Paul MacInnes 

EFL criticises Premier League’s ‘repeated failure’ and puts faith in regulator

The EFL board said it is ‘more important than ever’ to force through a deal and is ‘disappointed at [clubs’] repeated failure to put forward any new funding offer’
  
  

The Nike Premier League Tunnel Vision Merlin Ball during the match between Chelsea and Tottenham.
This week the Premier League was unable to carry its clubs to support a measure that proposed sharing more than £900m across the football pyramid. Photograph: Catherine Ivill/Getty Images

The EFL has said it is “eagerly” anticipating the introduction of an independent regulator for English football after it lamented the “repeated failure” of the Premier League to strike a deal on financial redistribution.

This week the Premier League was unable to carry its clubs to support a measure that proposed sharing more than £900m across the football pyramid. On Thursday the EFL board met to discuss its response, and concluded it was “more important than ever” that the proposed regulator had the power to force through a deal.

In a statement the EFL said it was “clearly disappointed at [Premier League clubs’] repeated failure to put forward any new funding offer for EFL clubs” and the lack of positive progress “once again demonstrates how difficult an issue this is for football to address, without independent input. The EFL has repeatedly said that financial redistribution coupled with enhanced cost controls are needed to help achieve its overriding objective of making EFL clubs financially sustainable and competitive, so that they can continue to serve their supporters and communities long into the future, no matter what level of the pyramid they play in.”

The EFL leadership has consistently said it wants a football-led solution to what it argues is a structural imbalance. But after two years without a resolution, it has become more willing to speak up in favour of a regulator taking on the challenge. The key to this, in the eyes of the EFL, is the backstop powers granted to the regulator in the event of no deal being agreed.

“The league eagerly anticipates the introduction of the football governance bill given it is now more important than ever that the independent regulator is provided necessary powers to secure the long-term sustainability of the pyramid,” the statement said.

After the Premier League’s decision to step back from a deal, reports have suggested that the government plans to expedite the rollout of the bill.

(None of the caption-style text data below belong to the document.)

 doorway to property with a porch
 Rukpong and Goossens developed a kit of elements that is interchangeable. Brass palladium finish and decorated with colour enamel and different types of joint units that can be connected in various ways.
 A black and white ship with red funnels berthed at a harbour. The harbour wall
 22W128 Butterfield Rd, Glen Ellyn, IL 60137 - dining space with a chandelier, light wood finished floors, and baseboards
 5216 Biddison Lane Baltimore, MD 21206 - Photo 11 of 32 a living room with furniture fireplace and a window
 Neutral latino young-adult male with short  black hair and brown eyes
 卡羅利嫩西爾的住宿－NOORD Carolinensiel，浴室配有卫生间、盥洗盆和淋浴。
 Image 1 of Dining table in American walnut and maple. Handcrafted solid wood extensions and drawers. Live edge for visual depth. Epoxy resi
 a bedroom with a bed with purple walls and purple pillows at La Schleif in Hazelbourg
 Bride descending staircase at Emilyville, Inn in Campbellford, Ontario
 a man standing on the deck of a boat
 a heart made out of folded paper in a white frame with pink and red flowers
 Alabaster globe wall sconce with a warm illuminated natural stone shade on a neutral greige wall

On Thursday, however, there was still no agreed date for the first reading in the House of Commons and the shadow leader of the House, Lucy Powell, said Labour would make the introduction of a regulator “an election issue” in places with struggling clubs if the government did not act.

“If the Conservatives want to make this an election issue in those places, I say bring it on,” Powell said. “Let us be really clear: if they do not want to regulate football governance, then we will.”

In reply, the Leader of the House, Penny Mordaunt, said: “When we bring legislation to the House, it will need to have the confidence of the English Football League, and, having attended many events with the EFL myself, I know that that is clear and understood.”